Army chief slammed by teenage climate strikers for 'environmental army' claim
Army chief slammed by teenage climate strikers for 'environmental army' claim
The head of the British army has been criticised for claiming that the army can attract more young recruits by being “environmentally sustainable”.
Ahead of today's climate strikes, young members of the Peace Pledge Union (PPU) accused Mark Carleton-Smith, Chief of the General Staff, of jumping on the bandwagon in a desperate attempt to meet recruitment targets. They pointed out that climate change, war and poverty all fuel each other.
Latest figures suggest the army is 7,000 people short of its recruitment target.
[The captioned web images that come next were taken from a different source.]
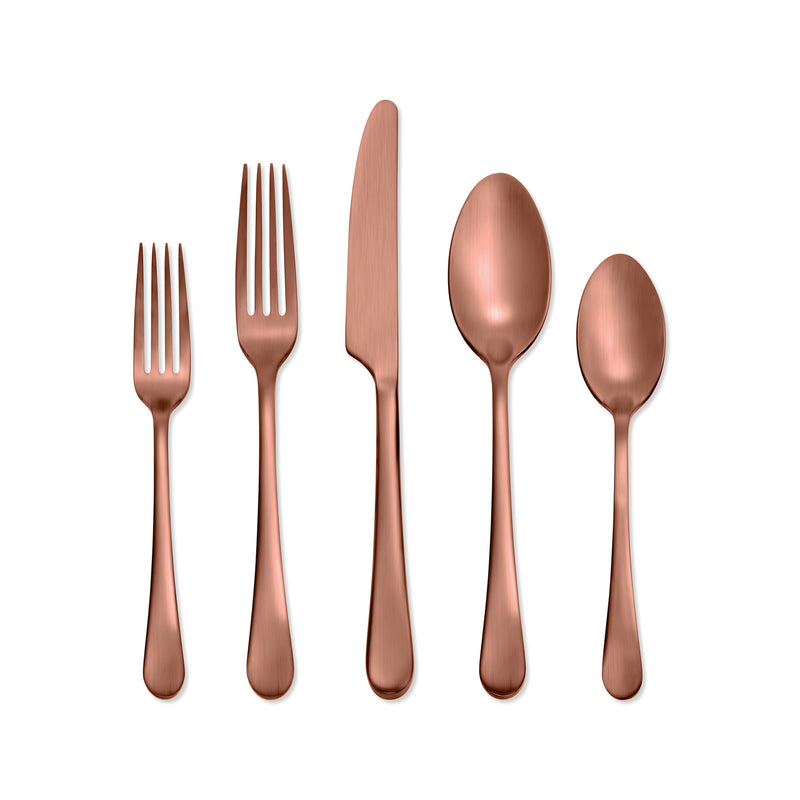 Copper-toned stainless steel flatware set: fork, knife, and spoons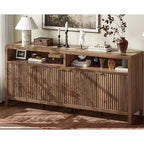 65,8 Buffet de salle à manger/salon avec 4 portes de rangement et finition cannelée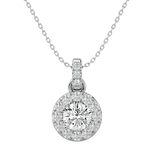 White Round-Cut Diamond Halo Pendant Necklace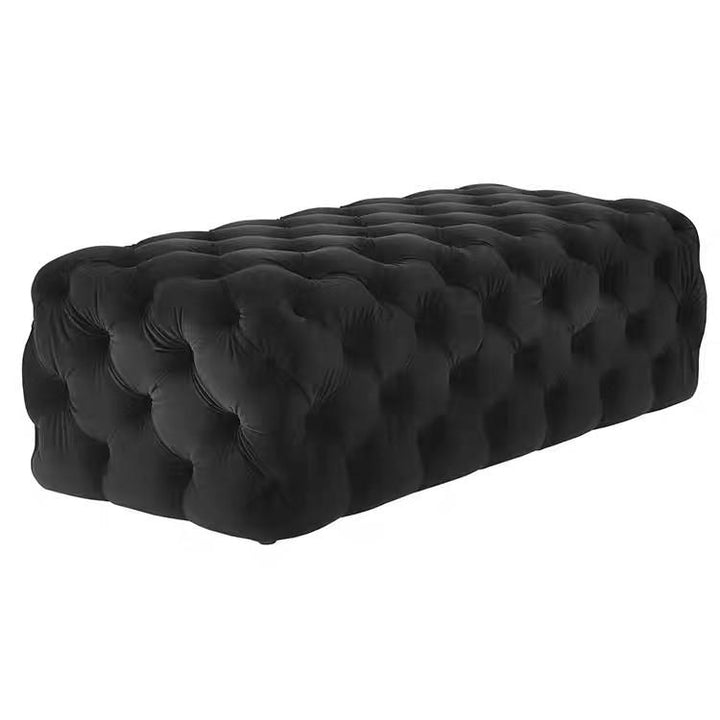 ARABELLE Victorian Tufted Velvet Ottoman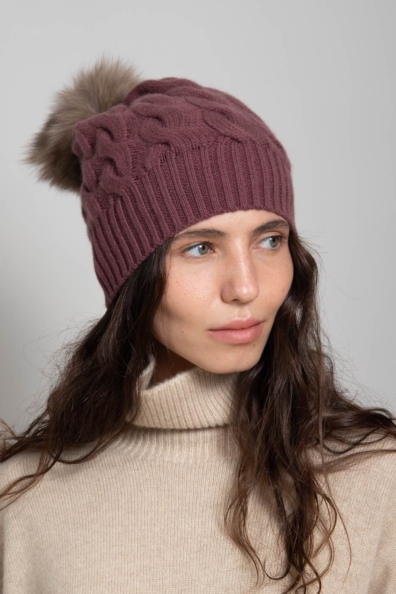 Кашемировая шапка бежево-лиловая косичка 750-3BB-3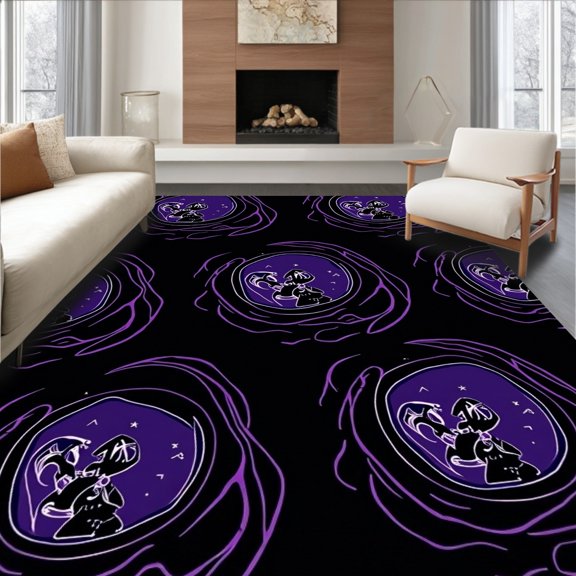 ODIKA 2x3 Machine Washable Non-Slip Area Rug, Cosmic Galaxy Constellation Map with Anime Character High Traffic Rug, Purple, 700283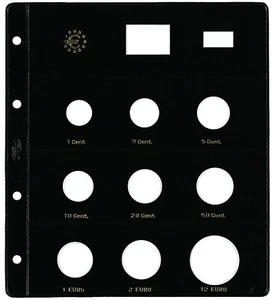 PARDO 1720 HOJA NUMIS MONEDAS SERIE EURO 9 ALOJAMIENTOS 8+12 EURO PLATA - Imagen 1 de 1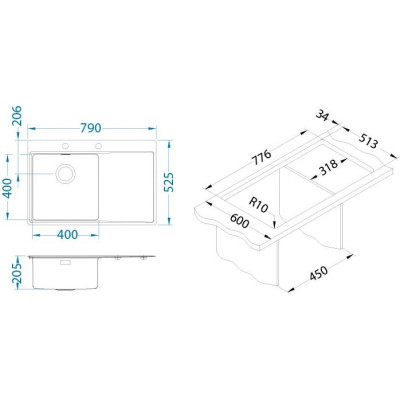 ALVEUS Pure Up 40 nerūdijančio plieno plautuvė (dešinė)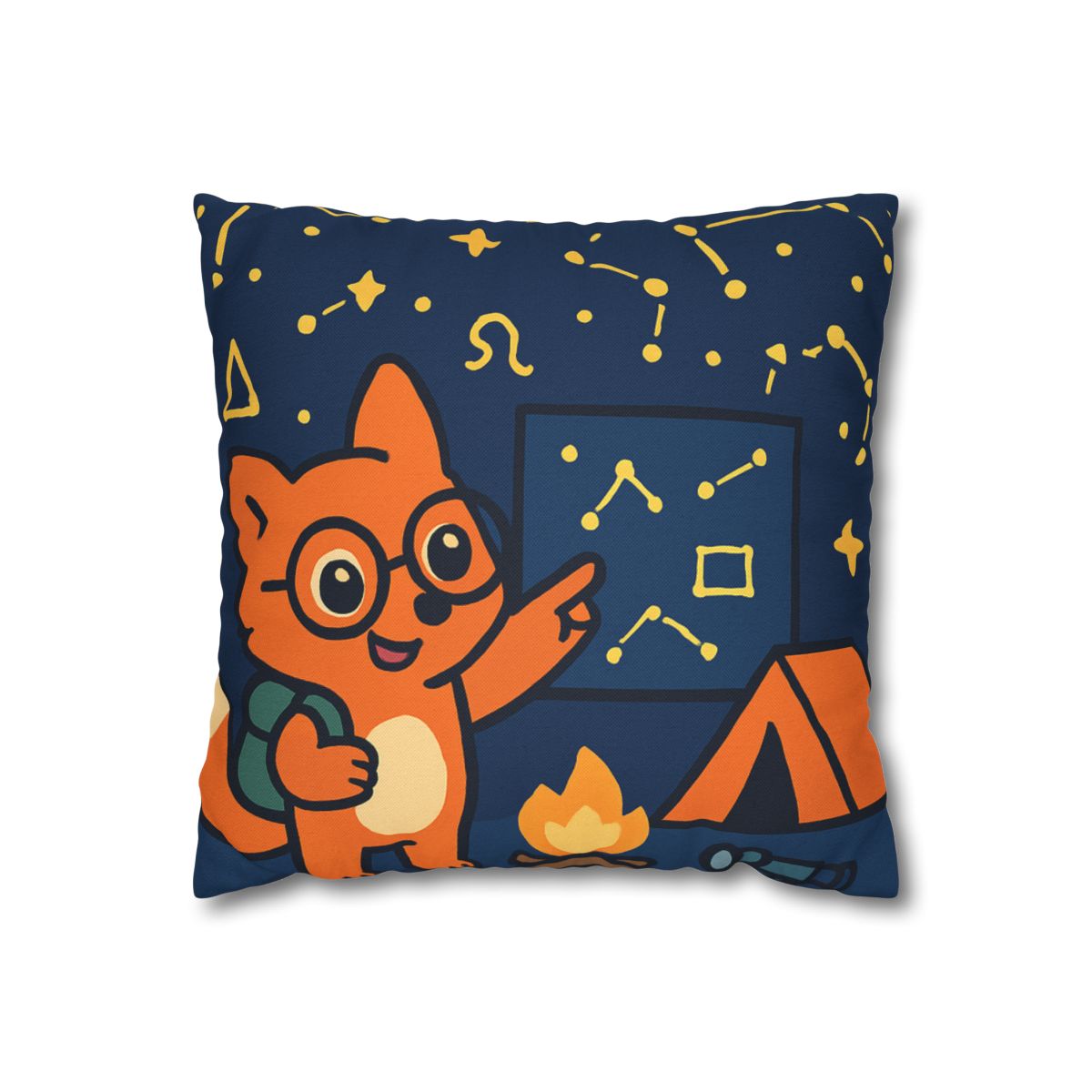 Constellation Camping With Fox Astronomer unique gift pillow cases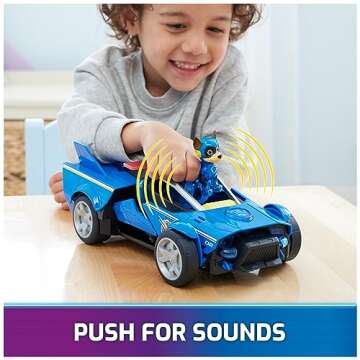 Paw Patrol: The Mighty Movie, Chase's Mighty Transforming Cruiser with Mighty Pups Action Figure, Lights and Sounds, Kids Toys for Boys & Girls 3+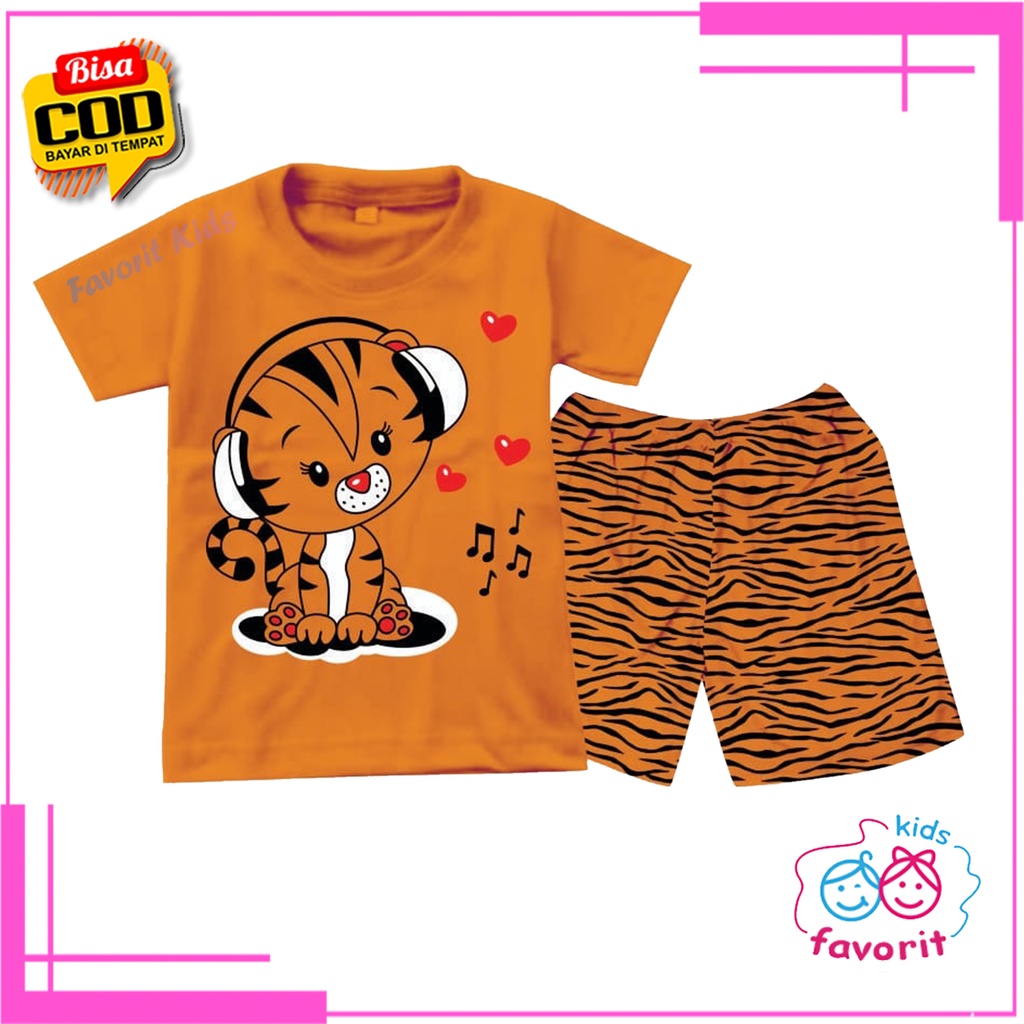 Favorit kids Baju tidur anak perempuan lengan pendek celana pendek harimau kartun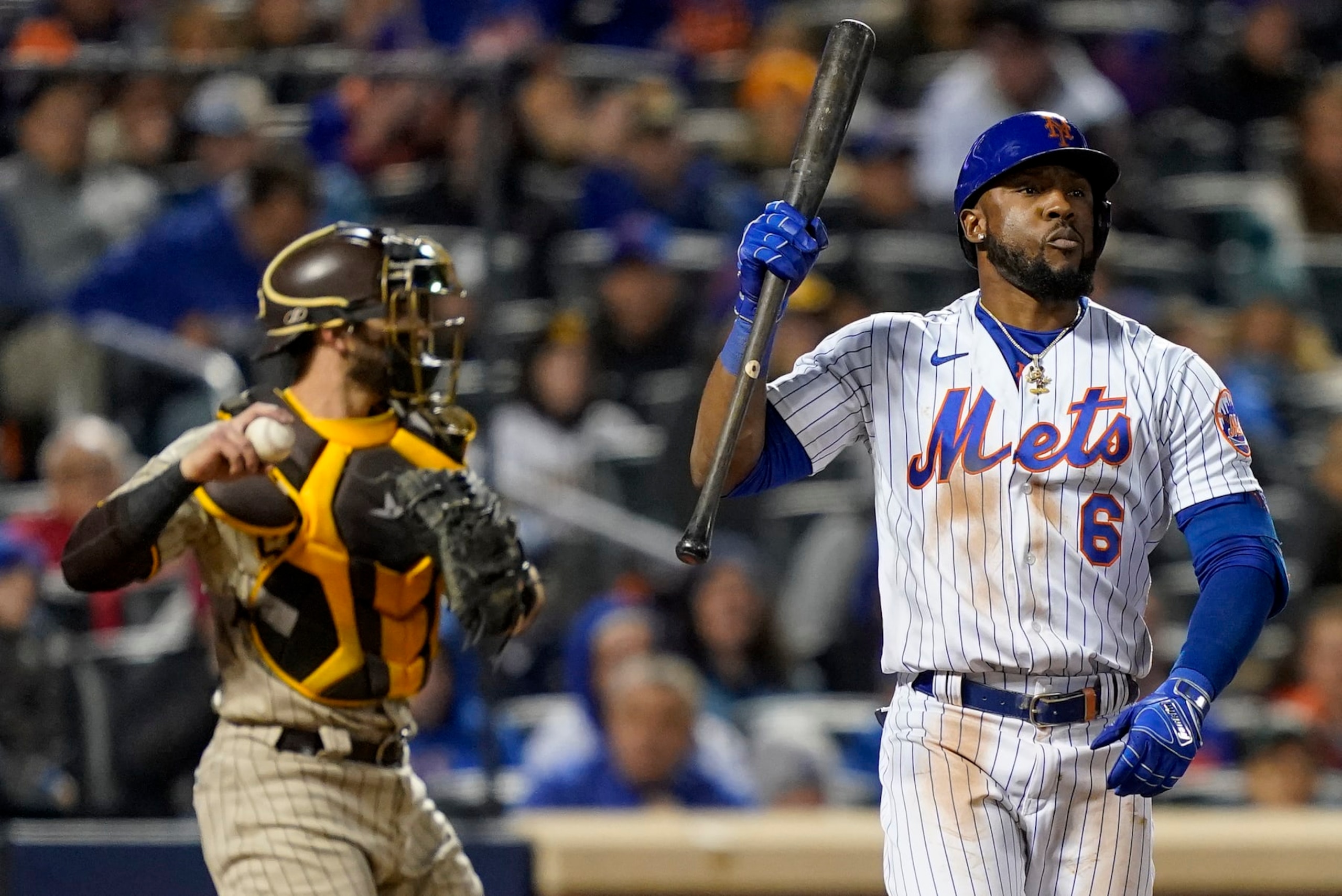 New York Mets Starling Marte (6) reacts after striking out against the San Diego Padres during the seventh inning of Game 2 of a National League wild-card baseball playoff series, Saturday, Oct. 8, 2022, in New York. (AP Photo/John Minchillo)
Mark Carleton-Smith said last week that adopting environmental policies would benefit the army “especially in the eyes of that next generation of recruits that increasingly make career decisions based on a prospective employer’s environmental credentials”.
But young PPU supporters joining today's climate strikes insisted that the lack of recruits has more to do with young people's recognition that the world's problems cannot be solved by war or by military values such as obedience to authority.
Pacifist and climate striker Anya Ramamurthy, 17, who is on strike from her Sixth Form in London today, said:
“The military trying to recruit us by making themselves more environmentally friendly is disgusting and frankly won't do anything. The military have clearly not listened to our demands! Making yourselves more environmentally friendly is not what we are demanding. We are asking for system change. Without social justice and peace we cannot reach climate justice. We are strong, we are educated, we know our rights and have our own morals! I will not let the military strip me of this.”
PPU member Jay Sutherland, 18, who will join the climate strike in Glasgow today, said:
“There’s nothing green in the arms industry or anything linked to it - which the army obviously is. Young people are not stupid, they will see right through this as they did with the army’s pathetic adverts grouping us into their own categories.”
PPU supporter and climate activist Ahlyah Ali, 24, from Bedfordshire, said:
“Calls for doing what is 'politically feasible', for making incremental changes, are nothing more than lip service when it is clear the only just response to war and the climate crisis is to transform economic and political systems so that they put people and planet first. Business as usual is death; this is the reality we're drawing attention to today.”
The Peace Pledge Union is a UK-based pacifist network. PPU members work with pacifists and anti-militarists around the world through War Resisters' International.
The PPU welcomes today's climate strikes as an example of nonviolent resistance, and backs calls for peace activists and climate campaigners to work together.